BEGIN

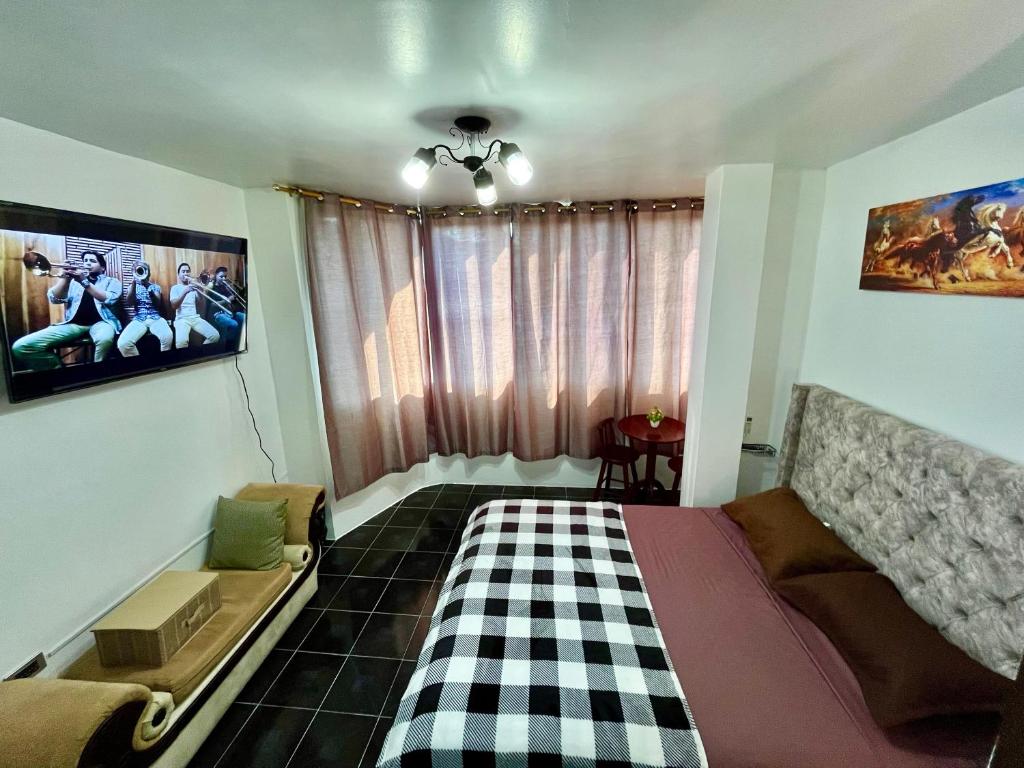 TV a/nebo společenská místnost v ubytování Suite Deluxe - 4 min Consulado Americano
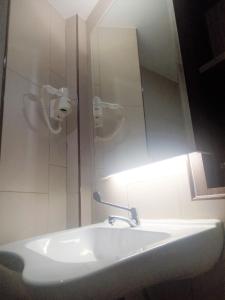 a bathroom sink with a mirror above it at U Design Hotel Bukit Mertajam in Bukit Mertajam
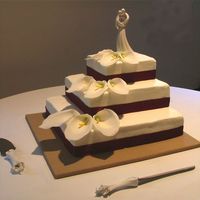 Calla Lily Wedding Cake 16", 12", 8" white tiered wedding cake with chocolate buttercream filling. Red ribbon around the bases and fondant calla...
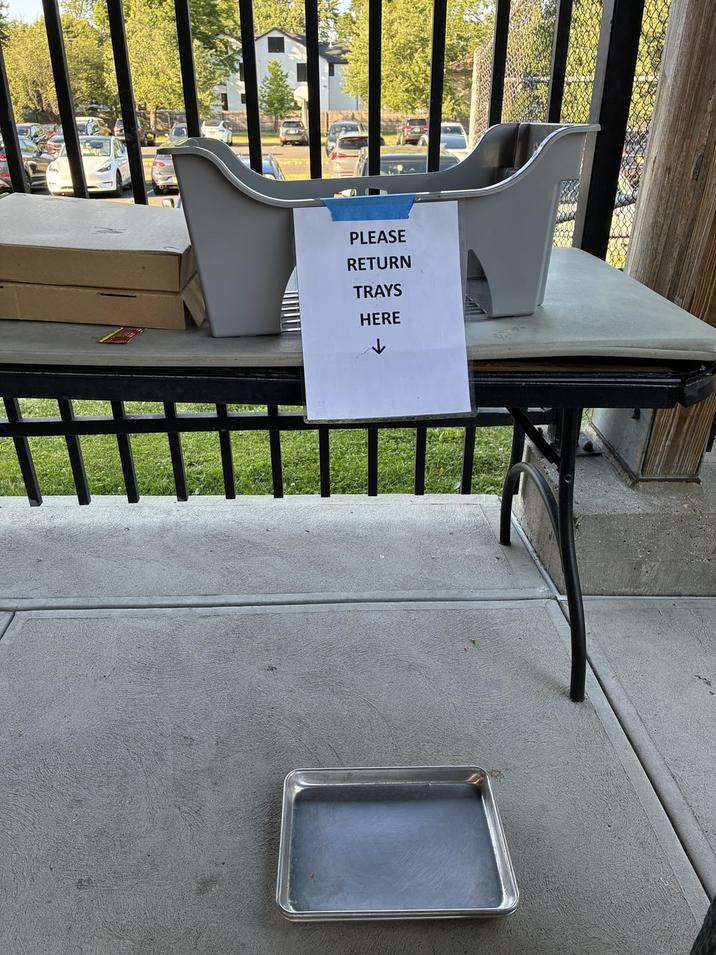 PLEASE RETURN TRAYS HERE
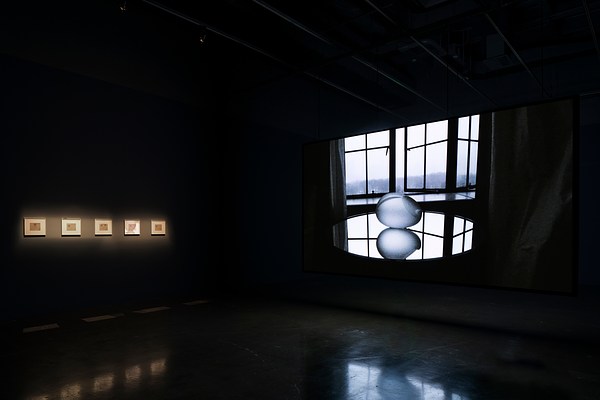 Wide shot of dark room with 5 illuminated artworks on the left, a silvery gray image projected on a screen to the right.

END

**Work required:**
Print, exactly as written, the lines above from the first one to the one containing "PLEASE RETURN TRAYS HERE". Leave out pictures.

**Output for this exercise:**
 TV a/nebo společenská místnost v ubytování Suite Deluxe - 4 min Consulado Americano
 a bathroom sink with a mirror above it at U Design Hotel Bukit Mertajam in Bukit Mertajam
 Calla Lily Wedding Cake 16", 12", 8" white tiered wedding cake with chocolate buttercream filling. Red ribbon around the bases and fondant calla...
 PLEASE RETURN TRAYS HERE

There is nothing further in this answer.